This post summarizes the programming logic behind our products Ripple and Wave on how we analyze and calculate AWS usages and cost.
In order to get insight and collect data of an AWS account usages, the best way is to enable AWS Cost & Usage Report (CUR) and a trunk of big data in CSV format will be dumped into an S3 bucket under the payer AWS account. These data contains all of the usage details and service dimensions, such as AmazonEC2 Running Hours, Instance Type, Reserved Instance (RI) record, CPU utilization, Storage I/O, etc.
Background
In 2018, we published Mobingi Ripple and Wave, two product offerings that calculate and analyze AWS cost. These two services use the same code logic to calculate accounts usages & cost including properly applying RI to instances, re-allocating RI across linked accounts (under same AWS organization), handling spot instances or on-demand instances, calculating data transfer and DynamoDb, as well as all products which AWS offers.
The Challenge
In order to get insight and collect data of an AWS account usages, the best way is to enable AWS Cost & Usage Report (CUR) and a trunk of big data in CSV format will be dumped into an S3 bucket under the payer AWS account. These data contain all of the usage details and service dimensions, such as AmazonEC2 Running Hours, Instance Type, Reserved Instance (RI) record, CPU utilization, Storage I/O, etc.

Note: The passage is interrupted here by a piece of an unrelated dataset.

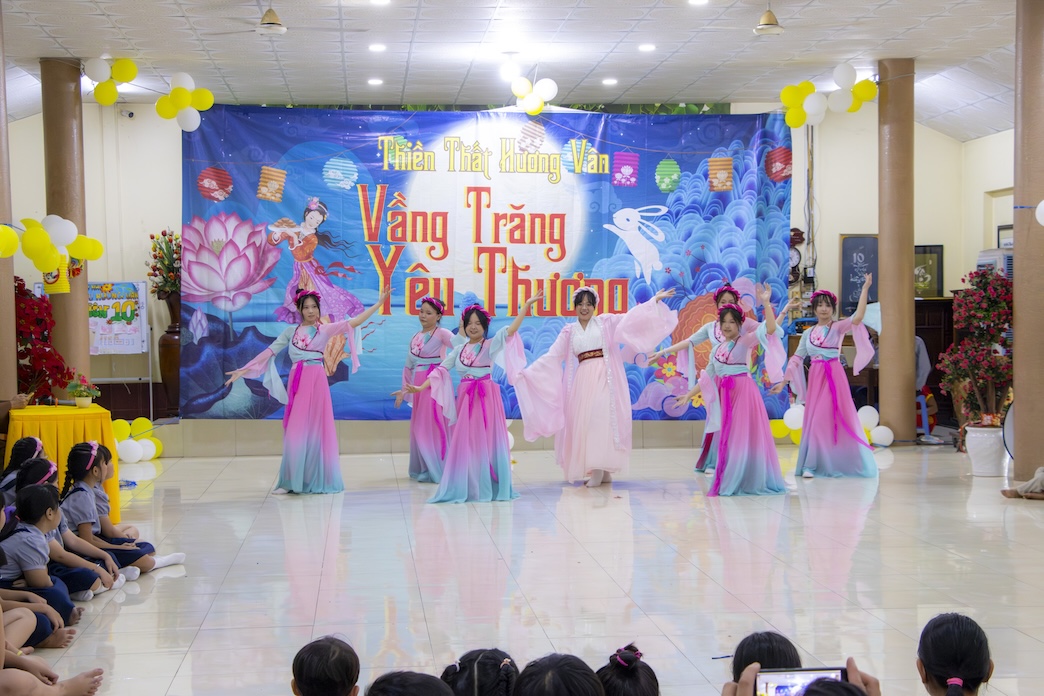 TẾT TRUNG THU 2026: “VUI HỘI TRĂNG RẰM” TẠI THIỀN THẤT HƯƠNG VÂN (53)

Of a normal AWS customer account, the data size is usually around hundreds of MB in which one CSV file would contain the usages of the whole month. Some heavy AWS customer accounts may generate up to several Gigabytes of such data, separated into multiple CSV files with each of the size around 1G. In the CSV file, each line is named LineItem and represents the usage dimensions of certain service for one clock-hour. For example:
identity/lineitemid | identity/timeinterval | lineitem/blendedcost | lineitem/blendedrate | lineitem/currencycode | lineitem/lineitemdescription | lineitem/lineitemtype | lineitem/operation | lineitem/productcode |
---|---|---|---|---|---|---|---|---|
mluxyrxfepz4mzyk3 | 2018-12-18T00:00:00Z/2018-12-19T00:00:00Z | 0.0030109446 | 0.1 | USD | $0.10 per GB-month of data storage | Usage | APN1-TimedStorage-ByteHrs | AmazonECR |
(Imagine millions of LineItems like above included in one account’s usage)
AWS introduces Redshift data warehouse or QuickSight to analyze or visulize its big data report. However, two biggest challenges appear to be:
- Require programming/engineer knowledge to implement, and complicated to get started or maintain
- Inflexible when it comes to re-calculate services with RI (AmazonEC2, AmazonRDS, etc)
The Re-calculation of EC2
Consider this situation:
A MSP or an enterprise company needs to issue invoices to its customers or group companies.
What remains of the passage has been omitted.